BRICS-Staaten und ihr (utopischer) Wunsch nach einer eigenen Leitwährung
Bei ihrem jüngsten Gipfeltreffen haben die BRICS-Staaten den Wunsch nach einer Alternative zum übermächtigen US-Dollar bekräftigt – am liebsten in Form einer eigenen, neuen Währung, die auch die politische Emanzipation vom Westen fördern würde.
Das Thema Ent-Dollarisierung taucht seit Jahrzehnten regelmäßig in den Schlagzeilen auf und genauso regelmäßig wieder ab.
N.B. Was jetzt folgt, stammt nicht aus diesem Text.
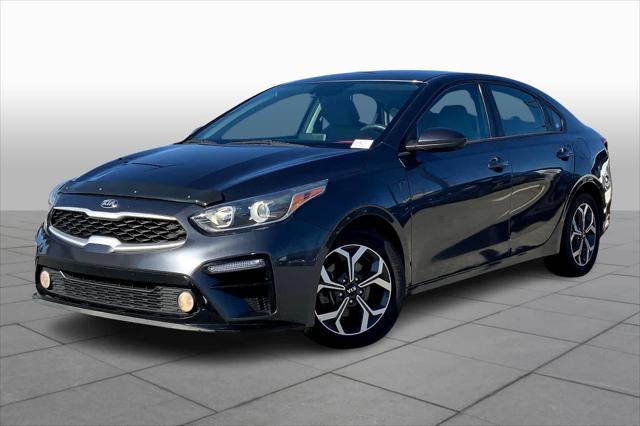 2019 Kia Forte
Wir nehmen die BRICS-Diskussion über eine Transformation des westlich dominierten internationalen Finanzsystems durchaus ernst, sehen aber keinen Anlass für Panik. Insbesondere sehen wir keine realistische Chance auf Gründung einer eigenen BRICS-Reservewährung R5 (nach den Währungen der Namensgeber: Real, Rubel, Rupie, Renminbi, Rand). Dafür sind ihre (welt)politischen Interessen zu heterogen und die ökonomischen Ungleichgewichte untereinander zu groß. Außerdem braucht eine Reservewährung einen zugehörigen Anleihemarkt, der groß, liquide und sicher genug ist, um die Währungsreserven dort auch investieren zu können. Dieses Merkmal sucht man bei den BRICS vergebens.
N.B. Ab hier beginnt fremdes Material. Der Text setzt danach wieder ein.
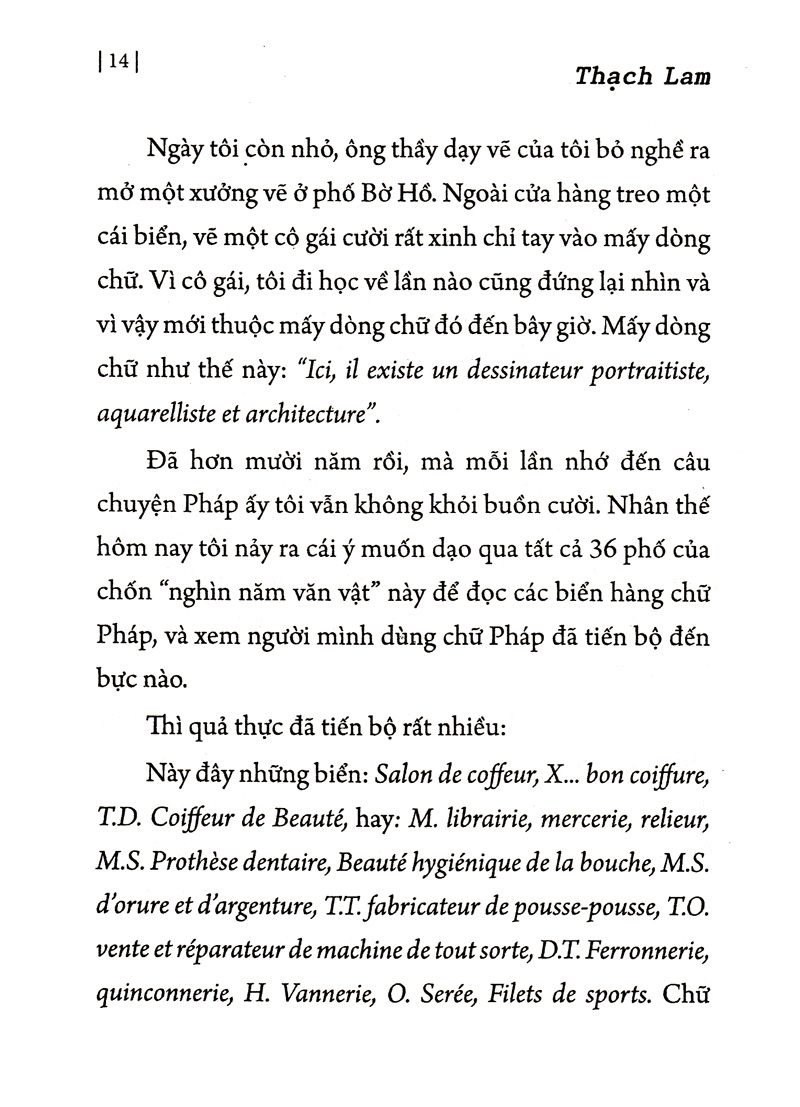 hà nội 36 phố phường (tái bản)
Deutlich besser stehen die Chancen, wenn wir uns auf die Suche nach einem alternativen Zahlungsmittel beschränken. Noch immer werden weit über 80% des bilateralen Handels der BRICS-Staaten in US-Dollar abgewickelt. Um daran etwas zu ändern, bedarf es keiner neuen Währung. Beispielsweise haben Brasilien und China vor wenigen Monaten vereinbart, im Handel untereinander möglichst auf den Dollar zu verzichten und weitgehend in ihren Lokalwährungen zu zahlen. Diese strukturellen Verschiebungen im Auslands-Zahlungsverkehr verdienen mehr Aufmerksamkeit als die utopische Idee einer gänzlich neuen Währung. Schon in naher Zukunft sollten immer mehr bilaterale Export-Import-Verträge ohne den Dollar auskommen. Sogar am Rohstoffmarkt, wo in der Vergangenheit absolut kein Weg um den US-Dollar herumführte, gibt es inzwischen Kontrakte in anderen Währungen.
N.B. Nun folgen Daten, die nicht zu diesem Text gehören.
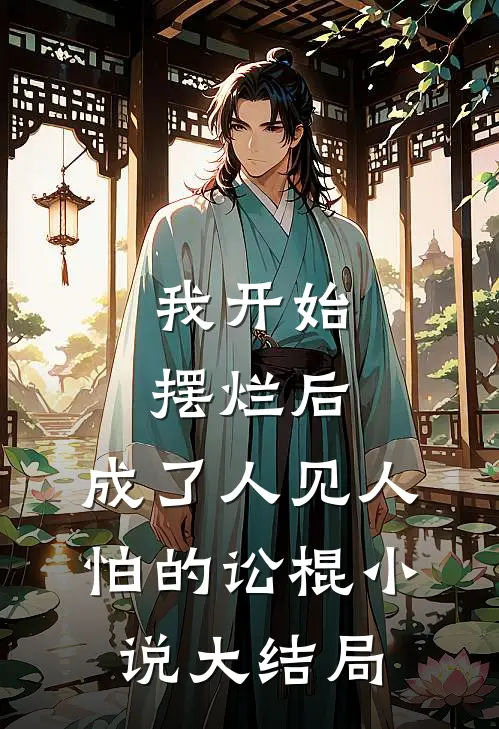 我开始摆烂后，成了人见人怕的讼棍小说大结局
Das soll nicht heißen, dass irgendeine Alternative erkennbar wäre, die dem Greenback dessen globalen Spitzenplatz streitig machen könnte - nur von seinem Status als unantastbar, unfehlbar und frei von jeglicher Konkurrenz wird er sich wohl früher oder später verabschieden müssen. Auf den Euro wartet hierdurch nicht etwa die Chance auf einen neuen, strukturellen Vorteil. Ganz im Gegenteil: Der Euro bietet weder die Skaleneffekte, die der globale USD-Einsatz bringt, noch die gewünschte politische Emanzipation von der westlichen Dominanz. Er könnte zum weinenden Dritten im Machtkampf zwischen US-Dollar und BRICS werden.